If f is meromorphic on U with only a finite number of poles, then

[fauboca]

If f is meromorphic on U with only a finite number of poles, then f=\frac{g}{h} where g and h are analytic on U.

We say f is meromorphic, then f is defined on U except at discrete set of points S which are poles. If z_0 is such a point, then there exist m in integers such that (z-z_0)^mf(z) is holomorphic in a neighborhood of z_0.

A pole is \lim_{z\to a}|f(z)| =\infty.

S0 the trouble is showing that f is the quotient of two holomorphic functions.

 

[Dick]

How would you show it if there is only one pole?

 

[fauboca]

How would you show it if there is only one pole?

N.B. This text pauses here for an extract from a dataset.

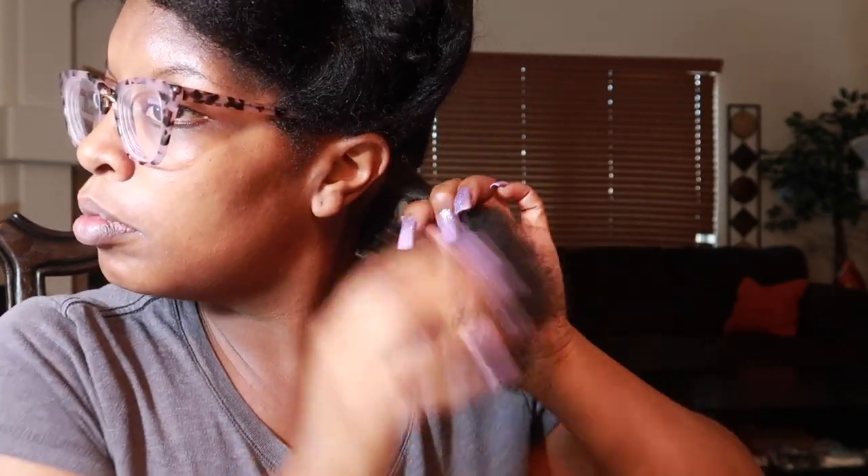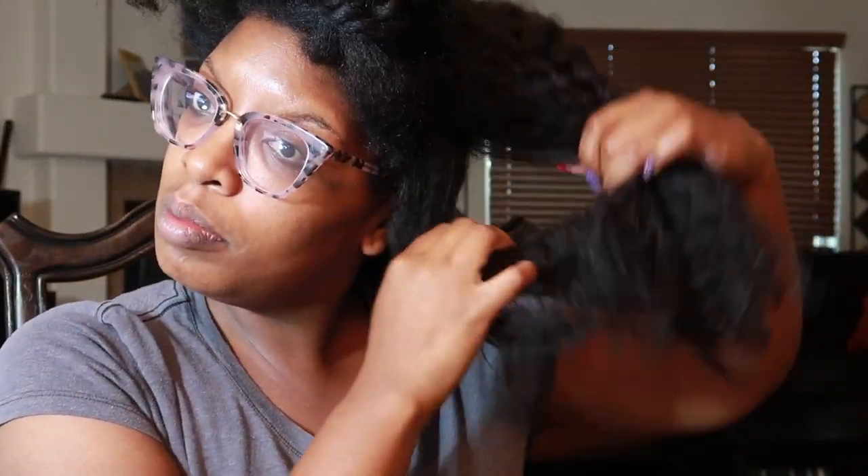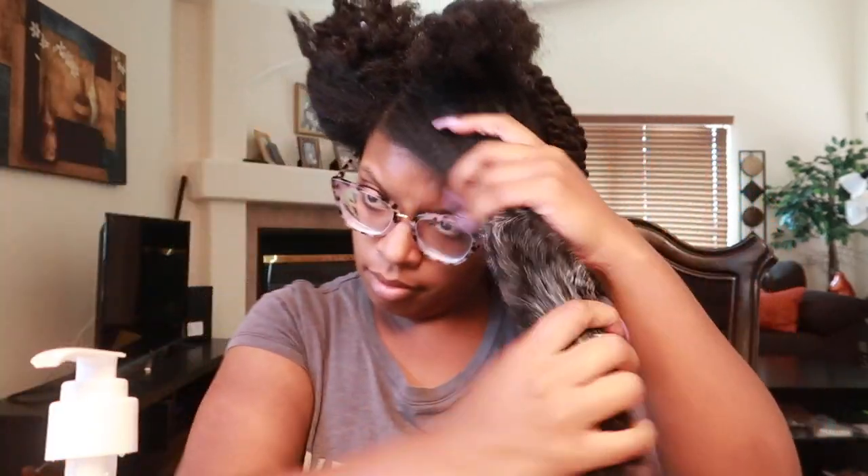I'm going in with a small section here — I apply the leave-in, then the styler, and then the gel, mostly toward the ends. I was doing a loose two strand twist but I went back and did a regular twist. I'll be linking in the cards how I do the loose two strand twist as well. I like the loose two strand twist because it almost looks like I have locs after the second week or so. If you are type four, you have to be careful with twists because this is how you start locs. I tend to only keep twists in my hair for about three weeks, and I ensure my edges and twists are moisturized every three days, also adding some oil to my scalp.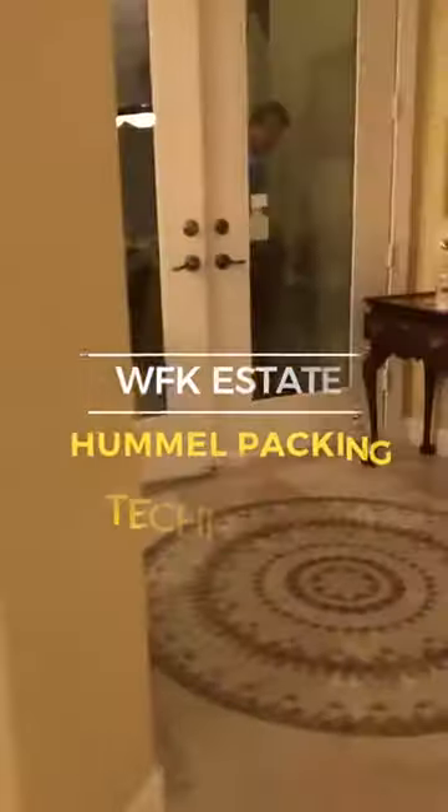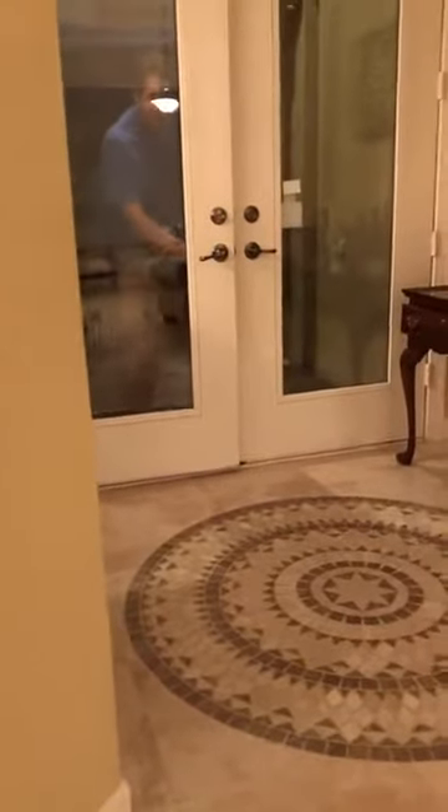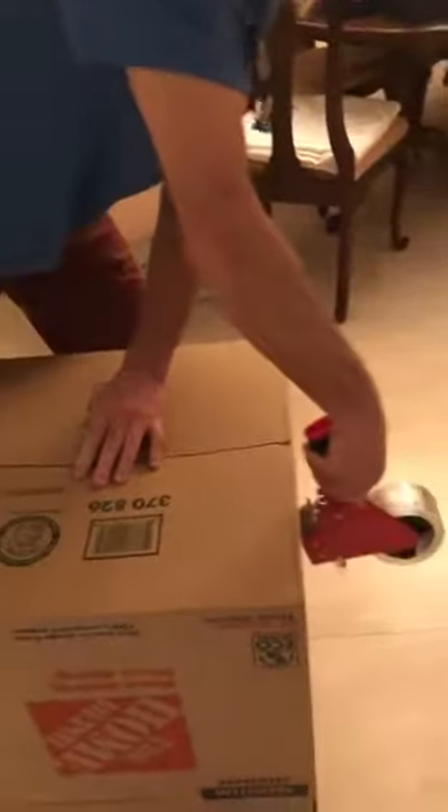We've decided to document the process of what we have to do to pack these Hummels carefully. John's got to go out to the rental cart because that's where we're storing the box. He brings in a medium-sized Home Depot box, and at that point you've got to first build the box, which requires him to fold the flaps, align the corners, and then take the tape gun.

If the pole is at z_0, then

f=\frac{g}{(z-z_0)}

Let S be the set of the poles of f in U and let h be analytic in U with singularities at the points in S. Let the order of the singularity be the order of the pole in f. Then fh has only removable singularities in U.

fh=g\Rightarrow f=\frac{g}{h}

 

[Dick]

If the pole is at z_0, then

f=\frac{g}{(z-z_0)}

Let S be the set of the poles of f in U and let h be analytic in U with singularities at the points in S. Let the order of the singularity be the order of the pole in f. Then fh has only removable singularities in U.

fh=g\Rightarrow f=\frac{g}{h}

You want h to have 'zeroes', not 'singularities'.